Il giovane Jonathan cosa ricorda degli allenamenti con la prima squadra?
“Di quell’Inter non c’è più nessuno, dato che pure il Capitano ha appeso le scarpe al chiodo. Ricordo però tantissimi campioni. Pupi, Eto’, Veron, Recoba, Figo. Sarebbe impossibile nominarli tutti, una rosa pazzesca”.
Lei poi ritorna all’Inter nell’era post Triplete, segnando nella finalissima del Mondiale per Club contro il Mazembe.
“Quel gol resterà per sempre il più importante della mia carriera. Fu un’emozione incredibile. Arrivavo da un infortunio. Non sarei dovuto nemmeno partire. E invece segnai nell’ultimo atto della Coppa del Mondo per Club. Spettacolare”.
Cosa andò storto con Benitez all’Inter?
“Lui è un grande allenatore. Non legò con i senatori dell’Inter. Diciamo che c’era un po’ di distanza tra di loro. Questo ha bloccato il suo cammino in nerazzurro, ma resta un mister top”.
Trascorre più o meno un altro lustro e torna all’Inter, con Mancini in panchina. Perché diceva sempre di sì alla Beneamata?
“Semplicemente perché loro mi chiamavano e io non riuscivo a dire di no. Anzi, rispondevo subito con un sì entusiasta. Poi io ringrazierò sempre Mancini. Mi ha fatto esordire in nerazzurro e mi ha voluto poi anni dopo ancora con lui a Milano”.
Pensa che l’Inter di Mancini avrebbe potuto fare di più?
“Direi di sì. Eravamo partiti bene. Avevamo staccato la Juve ed eravamo primi in classifica. Peccato che in due mesi, tra gennaio e febbraio, abbiamo buttato via tutto”.
Con De Boer invece il rapporto non è mai nato. Tanto che sia lei sia Erkin lo avete definito come il peggior allenatore della storia dell’Inter.
“Io non giudico la sua carriera, ma quanto fatto in nerazzurro.
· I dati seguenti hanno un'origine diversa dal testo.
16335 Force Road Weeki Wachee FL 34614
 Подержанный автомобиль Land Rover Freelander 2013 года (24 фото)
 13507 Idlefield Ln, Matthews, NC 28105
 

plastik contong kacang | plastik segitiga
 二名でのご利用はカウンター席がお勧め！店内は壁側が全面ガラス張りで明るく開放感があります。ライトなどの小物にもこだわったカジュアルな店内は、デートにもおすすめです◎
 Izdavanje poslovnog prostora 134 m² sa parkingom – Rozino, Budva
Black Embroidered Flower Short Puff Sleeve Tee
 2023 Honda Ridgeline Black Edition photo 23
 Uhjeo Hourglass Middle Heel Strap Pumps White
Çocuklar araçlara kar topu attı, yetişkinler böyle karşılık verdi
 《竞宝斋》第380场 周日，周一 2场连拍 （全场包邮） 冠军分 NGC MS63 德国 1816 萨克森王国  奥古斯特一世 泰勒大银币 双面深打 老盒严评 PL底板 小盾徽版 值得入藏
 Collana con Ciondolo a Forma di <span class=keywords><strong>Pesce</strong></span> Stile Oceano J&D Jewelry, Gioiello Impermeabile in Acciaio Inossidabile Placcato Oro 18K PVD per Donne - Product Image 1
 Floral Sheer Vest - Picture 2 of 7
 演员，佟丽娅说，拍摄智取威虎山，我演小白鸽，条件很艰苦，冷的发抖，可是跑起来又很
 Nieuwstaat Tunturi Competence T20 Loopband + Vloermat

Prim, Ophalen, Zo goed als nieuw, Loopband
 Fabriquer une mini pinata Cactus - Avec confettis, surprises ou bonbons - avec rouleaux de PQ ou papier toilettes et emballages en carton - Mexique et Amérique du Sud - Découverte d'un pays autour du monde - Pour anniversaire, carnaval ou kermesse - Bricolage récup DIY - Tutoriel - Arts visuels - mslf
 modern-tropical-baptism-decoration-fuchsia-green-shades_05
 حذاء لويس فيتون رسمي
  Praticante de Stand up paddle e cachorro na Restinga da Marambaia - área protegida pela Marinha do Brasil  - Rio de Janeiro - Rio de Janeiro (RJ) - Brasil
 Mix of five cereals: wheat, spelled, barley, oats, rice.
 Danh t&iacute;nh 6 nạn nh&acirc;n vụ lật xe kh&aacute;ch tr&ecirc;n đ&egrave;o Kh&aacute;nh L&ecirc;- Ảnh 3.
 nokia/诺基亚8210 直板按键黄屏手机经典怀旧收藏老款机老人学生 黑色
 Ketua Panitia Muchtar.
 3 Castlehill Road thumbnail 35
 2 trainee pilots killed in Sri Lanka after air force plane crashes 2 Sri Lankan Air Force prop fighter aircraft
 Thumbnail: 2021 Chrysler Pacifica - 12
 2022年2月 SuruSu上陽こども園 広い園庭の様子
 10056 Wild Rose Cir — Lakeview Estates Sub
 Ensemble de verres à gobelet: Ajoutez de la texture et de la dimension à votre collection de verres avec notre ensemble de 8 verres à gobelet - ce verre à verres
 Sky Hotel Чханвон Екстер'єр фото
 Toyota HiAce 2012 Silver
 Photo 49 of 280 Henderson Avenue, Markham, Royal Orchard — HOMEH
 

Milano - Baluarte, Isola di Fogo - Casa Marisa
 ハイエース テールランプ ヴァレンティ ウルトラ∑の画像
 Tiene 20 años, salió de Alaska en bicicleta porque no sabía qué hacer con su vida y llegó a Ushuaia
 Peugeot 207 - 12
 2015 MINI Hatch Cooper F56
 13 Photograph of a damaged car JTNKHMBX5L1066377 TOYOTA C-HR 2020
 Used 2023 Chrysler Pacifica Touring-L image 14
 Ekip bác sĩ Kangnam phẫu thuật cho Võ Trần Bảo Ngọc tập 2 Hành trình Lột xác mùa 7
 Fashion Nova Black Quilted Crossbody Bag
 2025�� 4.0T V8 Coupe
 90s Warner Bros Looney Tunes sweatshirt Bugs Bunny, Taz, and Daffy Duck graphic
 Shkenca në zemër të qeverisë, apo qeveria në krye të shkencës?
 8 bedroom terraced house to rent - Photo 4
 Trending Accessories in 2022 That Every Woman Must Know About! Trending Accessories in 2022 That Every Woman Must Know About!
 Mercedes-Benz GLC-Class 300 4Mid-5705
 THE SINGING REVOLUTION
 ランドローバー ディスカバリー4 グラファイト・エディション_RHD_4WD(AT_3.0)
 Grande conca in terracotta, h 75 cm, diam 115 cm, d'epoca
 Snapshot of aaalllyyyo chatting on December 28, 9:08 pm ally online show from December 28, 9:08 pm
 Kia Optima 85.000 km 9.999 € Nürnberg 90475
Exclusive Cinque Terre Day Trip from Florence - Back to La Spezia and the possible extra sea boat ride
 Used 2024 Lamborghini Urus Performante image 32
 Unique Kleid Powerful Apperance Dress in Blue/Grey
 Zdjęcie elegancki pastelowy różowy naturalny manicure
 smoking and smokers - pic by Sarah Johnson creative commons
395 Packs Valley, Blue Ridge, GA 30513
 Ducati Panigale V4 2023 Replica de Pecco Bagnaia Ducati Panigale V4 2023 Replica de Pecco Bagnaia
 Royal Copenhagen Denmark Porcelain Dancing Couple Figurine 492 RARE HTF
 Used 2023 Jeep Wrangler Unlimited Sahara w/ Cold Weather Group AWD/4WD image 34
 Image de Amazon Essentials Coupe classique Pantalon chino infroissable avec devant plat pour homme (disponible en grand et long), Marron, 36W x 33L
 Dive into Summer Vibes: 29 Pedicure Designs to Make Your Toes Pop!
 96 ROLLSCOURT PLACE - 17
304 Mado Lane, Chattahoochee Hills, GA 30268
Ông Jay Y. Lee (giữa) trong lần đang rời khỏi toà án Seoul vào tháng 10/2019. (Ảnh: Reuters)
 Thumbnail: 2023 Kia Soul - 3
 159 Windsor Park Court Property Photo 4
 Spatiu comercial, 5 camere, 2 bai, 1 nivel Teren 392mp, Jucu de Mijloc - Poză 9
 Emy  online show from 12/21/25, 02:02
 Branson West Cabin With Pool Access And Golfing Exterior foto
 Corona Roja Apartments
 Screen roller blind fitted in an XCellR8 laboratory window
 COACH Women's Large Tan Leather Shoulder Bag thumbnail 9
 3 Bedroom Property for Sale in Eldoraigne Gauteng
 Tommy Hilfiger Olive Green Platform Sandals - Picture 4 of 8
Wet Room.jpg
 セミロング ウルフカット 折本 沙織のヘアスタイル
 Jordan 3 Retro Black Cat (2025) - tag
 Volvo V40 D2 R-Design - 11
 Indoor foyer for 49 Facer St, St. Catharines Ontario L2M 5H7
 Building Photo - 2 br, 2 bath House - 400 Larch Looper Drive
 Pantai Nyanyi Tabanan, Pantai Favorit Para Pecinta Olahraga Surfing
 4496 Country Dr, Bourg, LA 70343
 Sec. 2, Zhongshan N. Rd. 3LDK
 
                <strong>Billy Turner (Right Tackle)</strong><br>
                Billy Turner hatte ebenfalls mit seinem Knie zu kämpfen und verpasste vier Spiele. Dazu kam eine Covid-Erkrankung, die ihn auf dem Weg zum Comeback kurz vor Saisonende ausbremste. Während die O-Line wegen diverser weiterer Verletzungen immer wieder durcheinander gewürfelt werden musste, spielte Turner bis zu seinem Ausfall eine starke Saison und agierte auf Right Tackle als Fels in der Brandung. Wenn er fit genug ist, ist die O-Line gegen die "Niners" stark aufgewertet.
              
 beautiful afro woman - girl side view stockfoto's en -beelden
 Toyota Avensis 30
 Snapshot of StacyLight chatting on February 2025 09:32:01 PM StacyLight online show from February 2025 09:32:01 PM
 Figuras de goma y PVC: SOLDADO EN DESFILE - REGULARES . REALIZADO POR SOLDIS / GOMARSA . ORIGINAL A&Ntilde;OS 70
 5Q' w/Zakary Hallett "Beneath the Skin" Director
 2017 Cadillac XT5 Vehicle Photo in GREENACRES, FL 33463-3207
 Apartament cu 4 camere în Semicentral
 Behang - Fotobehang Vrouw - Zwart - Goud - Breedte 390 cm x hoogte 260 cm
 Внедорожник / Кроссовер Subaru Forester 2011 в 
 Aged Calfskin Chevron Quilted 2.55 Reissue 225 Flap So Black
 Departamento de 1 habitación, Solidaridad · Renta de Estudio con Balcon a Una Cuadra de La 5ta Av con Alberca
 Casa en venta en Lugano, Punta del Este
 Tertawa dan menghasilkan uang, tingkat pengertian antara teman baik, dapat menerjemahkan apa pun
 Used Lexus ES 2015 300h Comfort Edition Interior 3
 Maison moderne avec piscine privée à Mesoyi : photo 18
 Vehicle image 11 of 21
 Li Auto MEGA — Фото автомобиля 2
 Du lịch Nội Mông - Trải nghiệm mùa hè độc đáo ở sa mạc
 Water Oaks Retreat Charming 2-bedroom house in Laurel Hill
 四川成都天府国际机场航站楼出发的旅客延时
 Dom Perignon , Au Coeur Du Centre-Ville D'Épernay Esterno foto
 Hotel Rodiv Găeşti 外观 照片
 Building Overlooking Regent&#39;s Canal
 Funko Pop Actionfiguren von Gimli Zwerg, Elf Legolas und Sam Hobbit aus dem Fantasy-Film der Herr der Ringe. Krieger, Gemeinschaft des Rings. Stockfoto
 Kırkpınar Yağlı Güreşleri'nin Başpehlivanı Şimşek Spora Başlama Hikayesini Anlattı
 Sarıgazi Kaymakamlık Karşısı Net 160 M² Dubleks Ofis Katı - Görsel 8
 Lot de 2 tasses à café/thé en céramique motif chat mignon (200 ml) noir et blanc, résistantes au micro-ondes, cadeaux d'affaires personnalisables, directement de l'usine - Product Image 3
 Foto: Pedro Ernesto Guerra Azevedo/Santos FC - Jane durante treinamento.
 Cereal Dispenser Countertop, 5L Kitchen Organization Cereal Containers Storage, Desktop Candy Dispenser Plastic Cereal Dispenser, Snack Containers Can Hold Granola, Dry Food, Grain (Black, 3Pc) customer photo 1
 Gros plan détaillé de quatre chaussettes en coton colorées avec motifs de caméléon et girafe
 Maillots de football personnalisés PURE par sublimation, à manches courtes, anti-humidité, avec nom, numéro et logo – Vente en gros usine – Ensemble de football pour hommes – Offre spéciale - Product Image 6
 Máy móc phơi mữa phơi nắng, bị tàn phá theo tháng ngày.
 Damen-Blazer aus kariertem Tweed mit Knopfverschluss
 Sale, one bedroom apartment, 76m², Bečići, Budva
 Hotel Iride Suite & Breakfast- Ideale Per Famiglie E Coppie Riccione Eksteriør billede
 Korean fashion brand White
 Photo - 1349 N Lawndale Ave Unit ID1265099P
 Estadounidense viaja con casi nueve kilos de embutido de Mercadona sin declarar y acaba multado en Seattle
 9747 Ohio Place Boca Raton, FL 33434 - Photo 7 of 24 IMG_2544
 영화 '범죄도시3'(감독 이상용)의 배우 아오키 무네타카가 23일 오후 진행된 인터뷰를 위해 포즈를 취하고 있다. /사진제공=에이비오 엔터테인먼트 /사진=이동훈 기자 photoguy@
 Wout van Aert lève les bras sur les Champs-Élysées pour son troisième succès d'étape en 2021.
Sarà pure anche un grande mister, ma a Milano, a livello di persona, non ha legato con nessuno dello spogliatoio. Nemmeno con chi giocava titolare aveva un buon rapporto. Quindi è chiaro che per quanto mi riguarda sia il peggiore allenatore che ho avuto all’Inter. Pure con Pioli non giocavo tanto, ma lui è una persona meravigliosa…”.
Ma di particolare cosa fece De Boer per inimicarsi tutti voi?
“Il termine più giusto è arrogante. Credeva di sapere tutto lui. E così non è entrato in simpatia con nessuno”.
Quale è stata la gioia più grande all’Inter?
“Il gol col Mazembe. E quando, dopo un anno fuori per infortunio, sono tornato e ho segnato subito contro il Frosinone”.
E la delusione più grande?
“L’anno con de Boer (ride, ndr)”.
Chi è stato secondo lei il compagno più forte con cui ha giocato?
“Le dico Zanetti per l’uomo che è. E per lo stesso motivo aggiungo pure Eto’o, una persona per bene”.
Chi è stato il compagno di reparto più forte invece?
“Purtroppo non ho giocato un anno intero con Adriano o con Ibra. Ma che giocatori Milito e per l’appunto Eto’o”.